In an e-commerce marketplace, a good example is payments. If you’re building a new checkout flow or subscription model, starting with payments is often the right move because it’s the hardest constraint and the highest leverage. Without payments working, the whole feature is dead.

So you build the epicentre first.

By day 4, that V1 is usually much more robust. It covers a lot of what was in the pitch, and in many cases it’s what actually ships as the final product. Then you hit an important moment:
The last couple of days are usually polish and nice-to-haves.
And here’s the key: once the business can see the “day 4 version”, they often choose not to spend the remaining time. They’d rather allocate those days to something else.

That’s appetites over estimates in practice. You’re not trying to predict exactly how long everything will take. You’re making the work visible early so the business can decide when to stop spending.
This is also why tight feedback loops matter so much. Making progress visible early isn’t just demos. It’s confidence.
Test coverage and TDD-style validation are what make “shipping early” safe, because you can move fast without relying on manual UAT for every small change.

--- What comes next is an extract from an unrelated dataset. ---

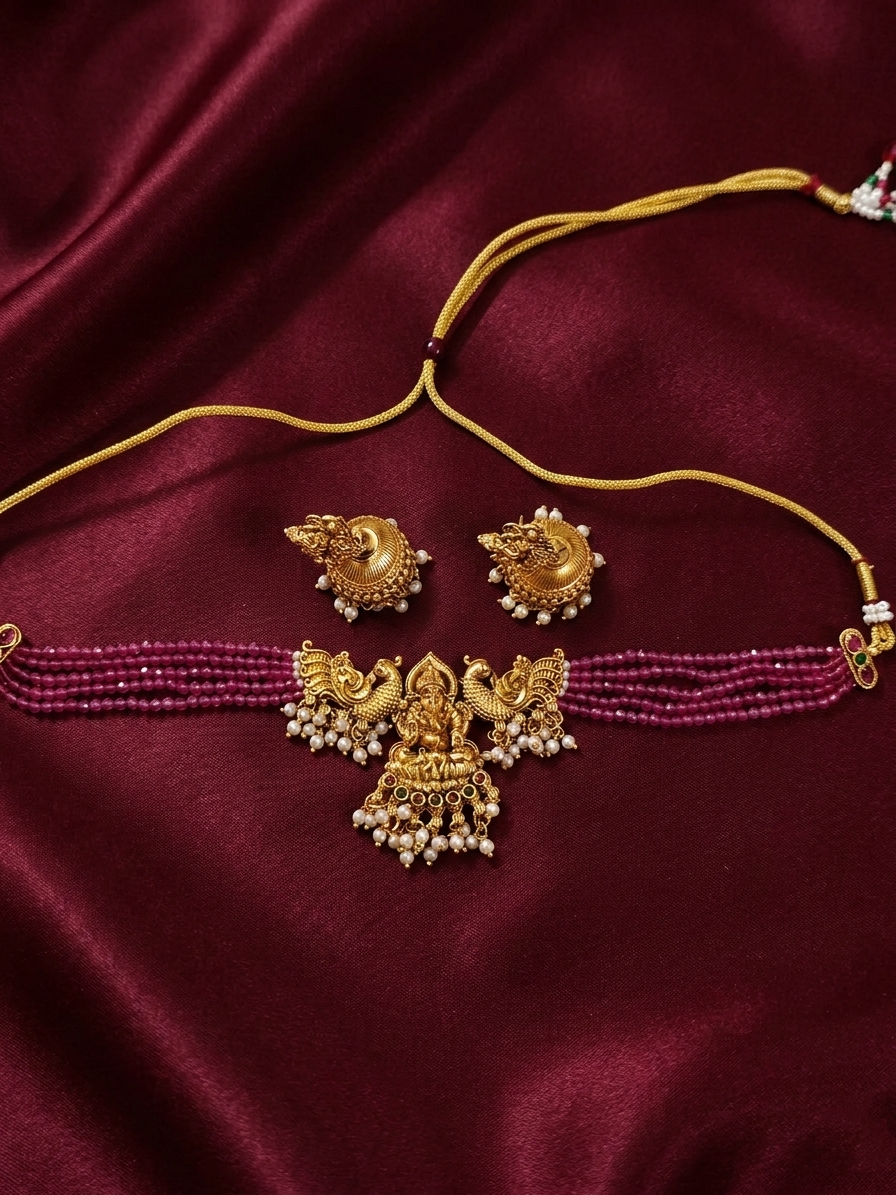 Ganesh Pendant Choker Set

And AI has accelerated this dynamic. It increases iteration speed, especially for getting the V1 in place, wiring the happy path, and tightening up the implementation but it doesn’t change the core Shape Up idea:

The business still decides the appetite.
Engineering still prioritises the epicentre.
And the team still makes progress visible early so trade-offs happen before the time is gone.

The most important shift is cultural:
Instead of “how long will this take?”, the question becomes:
“How much is this worth and what do we get if we spend that amount?”